I often write “Dig deeper” in the margins of student essays. What does it mean to “dig deeper”?
“Dig deeper” means:
Do not be satisfied with the first thesis which comes to mind. Whatever thesis you first arrive at, assume such a thesis, if well defended, will earn you a C. Take your first thesis and ask yourself, “How can I make this better?” When I write “Dig deeper” in the margins, it means you probably wrote the first thing which came to mind.
What makes a thesis better? Particularity, certainty, distinction, deceptive simplicity.
Digging deeper means acknowledging that appearances can not only be deceiving, but dull.

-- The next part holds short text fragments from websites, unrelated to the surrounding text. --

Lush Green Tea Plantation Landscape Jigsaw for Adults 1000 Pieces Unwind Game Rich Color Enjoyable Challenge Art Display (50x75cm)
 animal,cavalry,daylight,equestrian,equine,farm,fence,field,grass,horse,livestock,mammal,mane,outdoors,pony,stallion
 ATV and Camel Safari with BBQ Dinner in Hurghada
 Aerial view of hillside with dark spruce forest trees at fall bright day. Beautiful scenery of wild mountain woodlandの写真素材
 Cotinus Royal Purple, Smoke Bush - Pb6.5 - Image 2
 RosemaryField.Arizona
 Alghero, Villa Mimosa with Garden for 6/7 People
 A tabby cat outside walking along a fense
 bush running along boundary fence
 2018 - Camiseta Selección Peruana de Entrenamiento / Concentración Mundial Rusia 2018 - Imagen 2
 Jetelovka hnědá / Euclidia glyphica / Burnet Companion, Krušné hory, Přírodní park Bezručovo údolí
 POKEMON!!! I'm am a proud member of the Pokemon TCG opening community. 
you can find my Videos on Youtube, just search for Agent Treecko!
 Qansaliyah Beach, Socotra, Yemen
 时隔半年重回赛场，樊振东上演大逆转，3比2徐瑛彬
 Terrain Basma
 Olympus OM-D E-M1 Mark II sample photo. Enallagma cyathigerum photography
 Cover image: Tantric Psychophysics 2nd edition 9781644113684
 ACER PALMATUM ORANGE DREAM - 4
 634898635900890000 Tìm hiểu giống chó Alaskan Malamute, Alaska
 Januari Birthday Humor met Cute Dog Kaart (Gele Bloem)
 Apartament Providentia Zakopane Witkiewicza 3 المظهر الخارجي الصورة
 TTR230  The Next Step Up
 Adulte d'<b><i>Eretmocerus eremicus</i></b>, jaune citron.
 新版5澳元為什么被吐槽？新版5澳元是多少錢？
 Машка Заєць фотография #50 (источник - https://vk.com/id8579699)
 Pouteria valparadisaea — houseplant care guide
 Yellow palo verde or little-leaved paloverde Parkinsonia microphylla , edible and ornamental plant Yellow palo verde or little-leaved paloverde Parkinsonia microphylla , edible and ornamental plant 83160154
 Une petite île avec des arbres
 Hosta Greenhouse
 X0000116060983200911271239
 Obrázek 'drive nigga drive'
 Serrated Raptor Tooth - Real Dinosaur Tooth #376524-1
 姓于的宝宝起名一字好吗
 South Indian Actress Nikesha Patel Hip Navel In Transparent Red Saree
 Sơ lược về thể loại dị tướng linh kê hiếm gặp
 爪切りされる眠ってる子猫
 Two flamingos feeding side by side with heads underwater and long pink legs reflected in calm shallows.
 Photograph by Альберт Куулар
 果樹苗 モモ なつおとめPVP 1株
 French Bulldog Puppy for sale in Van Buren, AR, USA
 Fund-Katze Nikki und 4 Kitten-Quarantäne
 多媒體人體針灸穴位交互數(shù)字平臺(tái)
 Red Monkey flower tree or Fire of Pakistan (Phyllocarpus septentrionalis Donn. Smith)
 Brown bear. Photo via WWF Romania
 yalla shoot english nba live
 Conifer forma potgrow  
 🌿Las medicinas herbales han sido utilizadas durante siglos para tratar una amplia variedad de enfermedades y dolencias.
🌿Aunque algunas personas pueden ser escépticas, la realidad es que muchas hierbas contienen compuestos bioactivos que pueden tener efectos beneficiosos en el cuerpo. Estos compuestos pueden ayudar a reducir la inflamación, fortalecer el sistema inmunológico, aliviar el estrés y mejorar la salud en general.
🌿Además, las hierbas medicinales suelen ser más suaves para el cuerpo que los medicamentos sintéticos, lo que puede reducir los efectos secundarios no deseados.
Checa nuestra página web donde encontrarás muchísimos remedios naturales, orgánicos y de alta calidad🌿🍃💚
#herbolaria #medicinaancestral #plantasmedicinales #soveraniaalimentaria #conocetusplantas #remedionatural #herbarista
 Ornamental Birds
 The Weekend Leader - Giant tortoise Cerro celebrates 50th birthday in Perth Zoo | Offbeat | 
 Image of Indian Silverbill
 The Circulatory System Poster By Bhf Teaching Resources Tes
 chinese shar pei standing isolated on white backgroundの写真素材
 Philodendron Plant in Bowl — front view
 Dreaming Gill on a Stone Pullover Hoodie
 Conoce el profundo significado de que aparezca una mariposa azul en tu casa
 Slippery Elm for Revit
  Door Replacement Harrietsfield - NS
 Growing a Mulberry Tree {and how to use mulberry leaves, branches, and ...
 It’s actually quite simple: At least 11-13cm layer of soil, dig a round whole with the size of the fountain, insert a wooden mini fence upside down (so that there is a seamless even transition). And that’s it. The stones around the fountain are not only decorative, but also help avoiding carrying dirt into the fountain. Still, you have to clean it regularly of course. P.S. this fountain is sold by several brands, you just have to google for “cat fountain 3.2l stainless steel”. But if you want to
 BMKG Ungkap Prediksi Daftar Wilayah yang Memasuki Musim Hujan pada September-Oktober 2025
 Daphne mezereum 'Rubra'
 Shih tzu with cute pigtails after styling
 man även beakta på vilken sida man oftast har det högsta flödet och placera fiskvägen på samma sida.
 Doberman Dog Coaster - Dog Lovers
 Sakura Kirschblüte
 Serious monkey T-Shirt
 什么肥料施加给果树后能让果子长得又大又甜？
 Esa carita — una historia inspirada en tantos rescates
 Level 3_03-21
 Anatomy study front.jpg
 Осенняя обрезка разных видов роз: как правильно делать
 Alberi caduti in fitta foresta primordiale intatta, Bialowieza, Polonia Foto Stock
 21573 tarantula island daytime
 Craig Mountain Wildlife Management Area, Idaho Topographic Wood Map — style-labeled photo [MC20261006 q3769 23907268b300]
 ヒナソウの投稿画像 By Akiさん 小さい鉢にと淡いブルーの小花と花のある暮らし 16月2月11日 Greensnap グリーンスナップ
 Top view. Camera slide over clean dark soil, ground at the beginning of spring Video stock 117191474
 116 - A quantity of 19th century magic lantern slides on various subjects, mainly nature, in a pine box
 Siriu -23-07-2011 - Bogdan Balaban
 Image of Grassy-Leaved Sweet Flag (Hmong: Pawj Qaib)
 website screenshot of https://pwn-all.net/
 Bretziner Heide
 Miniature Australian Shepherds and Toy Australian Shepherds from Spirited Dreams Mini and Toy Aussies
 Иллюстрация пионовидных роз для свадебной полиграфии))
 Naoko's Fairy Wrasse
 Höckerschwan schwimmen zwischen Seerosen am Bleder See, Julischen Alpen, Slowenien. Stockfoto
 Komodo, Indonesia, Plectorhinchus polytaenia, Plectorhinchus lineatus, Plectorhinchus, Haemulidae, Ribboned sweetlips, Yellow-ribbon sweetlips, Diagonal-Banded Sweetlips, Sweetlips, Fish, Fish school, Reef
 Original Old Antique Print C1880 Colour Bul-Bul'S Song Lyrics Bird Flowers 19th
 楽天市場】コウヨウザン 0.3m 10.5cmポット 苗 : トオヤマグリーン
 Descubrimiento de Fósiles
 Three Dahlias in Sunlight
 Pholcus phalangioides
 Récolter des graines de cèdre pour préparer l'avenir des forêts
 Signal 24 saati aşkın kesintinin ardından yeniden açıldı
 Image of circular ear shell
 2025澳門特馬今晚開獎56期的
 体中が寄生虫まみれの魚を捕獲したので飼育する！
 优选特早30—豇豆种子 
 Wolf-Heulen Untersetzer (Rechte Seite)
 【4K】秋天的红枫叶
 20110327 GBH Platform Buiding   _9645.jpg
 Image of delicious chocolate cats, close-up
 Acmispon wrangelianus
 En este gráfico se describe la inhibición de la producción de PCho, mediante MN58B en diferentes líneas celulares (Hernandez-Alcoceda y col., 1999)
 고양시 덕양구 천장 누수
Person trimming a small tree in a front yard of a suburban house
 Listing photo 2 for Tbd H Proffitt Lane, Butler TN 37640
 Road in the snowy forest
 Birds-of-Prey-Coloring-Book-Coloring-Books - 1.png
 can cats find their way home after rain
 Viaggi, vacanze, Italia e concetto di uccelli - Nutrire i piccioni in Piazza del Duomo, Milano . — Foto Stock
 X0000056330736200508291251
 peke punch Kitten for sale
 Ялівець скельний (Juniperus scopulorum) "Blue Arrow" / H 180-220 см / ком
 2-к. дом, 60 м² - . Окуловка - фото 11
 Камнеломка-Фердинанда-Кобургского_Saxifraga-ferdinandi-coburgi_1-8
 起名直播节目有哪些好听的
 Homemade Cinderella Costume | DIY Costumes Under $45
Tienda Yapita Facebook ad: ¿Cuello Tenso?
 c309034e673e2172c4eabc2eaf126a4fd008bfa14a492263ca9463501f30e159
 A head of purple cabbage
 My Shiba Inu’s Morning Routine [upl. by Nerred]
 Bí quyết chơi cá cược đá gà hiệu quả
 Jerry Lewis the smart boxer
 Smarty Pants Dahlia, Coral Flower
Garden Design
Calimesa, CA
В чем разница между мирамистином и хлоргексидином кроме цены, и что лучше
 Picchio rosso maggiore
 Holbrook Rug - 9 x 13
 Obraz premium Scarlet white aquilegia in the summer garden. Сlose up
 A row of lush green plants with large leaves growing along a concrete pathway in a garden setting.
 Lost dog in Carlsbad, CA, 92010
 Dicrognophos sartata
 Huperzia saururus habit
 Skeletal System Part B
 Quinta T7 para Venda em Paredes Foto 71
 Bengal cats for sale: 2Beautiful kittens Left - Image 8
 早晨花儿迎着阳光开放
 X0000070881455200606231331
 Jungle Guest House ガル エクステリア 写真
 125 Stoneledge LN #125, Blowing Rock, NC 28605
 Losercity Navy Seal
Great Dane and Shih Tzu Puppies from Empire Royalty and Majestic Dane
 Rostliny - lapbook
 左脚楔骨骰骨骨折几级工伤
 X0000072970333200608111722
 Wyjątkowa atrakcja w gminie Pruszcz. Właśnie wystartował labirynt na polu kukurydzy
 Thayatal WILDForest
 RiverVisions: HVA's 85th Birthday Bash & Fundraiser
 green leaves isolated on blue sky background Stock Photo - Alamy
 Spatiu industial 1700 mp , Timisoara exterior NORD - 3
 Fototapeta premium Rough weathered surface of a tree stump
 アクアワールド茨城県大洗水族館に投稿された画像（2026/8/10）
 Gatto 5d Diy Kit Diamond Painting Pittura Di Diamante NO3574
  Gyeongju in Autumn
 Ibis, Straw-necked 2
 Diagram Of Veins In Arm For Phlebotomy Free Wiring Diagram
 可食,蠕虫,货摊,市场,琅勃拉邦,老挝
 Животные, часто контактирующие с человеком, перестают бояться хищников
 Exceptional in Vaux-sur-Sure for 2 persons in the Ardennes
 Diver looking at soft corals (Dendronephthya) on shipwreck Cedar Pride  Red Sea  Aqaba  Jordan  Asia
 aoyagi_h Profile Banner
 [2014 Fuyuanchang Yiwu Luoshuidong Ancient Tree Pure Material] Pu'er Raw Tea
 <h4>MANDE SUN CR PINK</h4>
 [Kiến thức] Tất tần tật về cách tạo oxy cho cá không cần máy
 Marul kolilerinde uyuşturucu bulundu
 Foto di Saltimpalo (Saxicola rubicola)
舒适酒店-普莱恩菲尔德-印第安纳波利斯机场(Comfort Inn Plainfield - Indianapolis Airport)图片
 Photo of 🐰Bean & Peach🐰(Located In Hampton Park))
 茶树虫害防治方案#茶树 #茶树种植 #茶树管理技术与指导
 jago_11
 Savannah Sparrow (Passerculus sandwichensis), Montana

Digging deeper appeals to St. Paul’s teaching that the soul is “the inner man,” that the quickening spirit of a thing is beyond the reach of sight, and must be intuited, discerned, reflexively discovered within the mind. Just as a man has “an inner man,” so the French Revolution has “an inner revolution,” stories have “inner stories,” political theories have “inner political theories.” Digging deeper means finding the inner thing.
Solomon teaches that, “The end of a thing is better than its beginning.” What is “the end” of the thing you are speaking of? Where does it all finally go?
Digging deeper assumes an audience. High school writers are typically unaware of the fact they have readers. Digging deeper pities the teacher, seeks the delight of the teacher. Digging deeper assumes the reader is merely human, capable of boredom, distraction, ennui. Digging deeper means imagining your words being read by another as you write them.
Digging deeper assumes a small editorial devil sits on your shoulder and regularly scoffs at thinly composed sentences, filler, vain repetition of information provided earlier.
“Dig deeper” in the margins of your paper means, “We have been studying this book for three weeks. These are not the thoughts of a person who has been studying this book for three weeks. Someone who read a Wikipedia summary of this book could have easily written what you have written here.”
Digging deeper means digging deeper than the self. “Be imitators of me…” teaches the apostle. By the time junior or senior year rolls around, students should have a favorite intellectual, a favorite theologian, a favorite philosopher. Digging deeper means not writing essays as yourself, but writing essays as Rousseau, as Burke, as Aeschylus. Digging deeper means writing to satisfy not merely the teacher, but the author’s intellectual hero.
Digging deeper means pretending you are a genius when you sit down to write, and after years of pretending to be a genius, accidentally becoming one.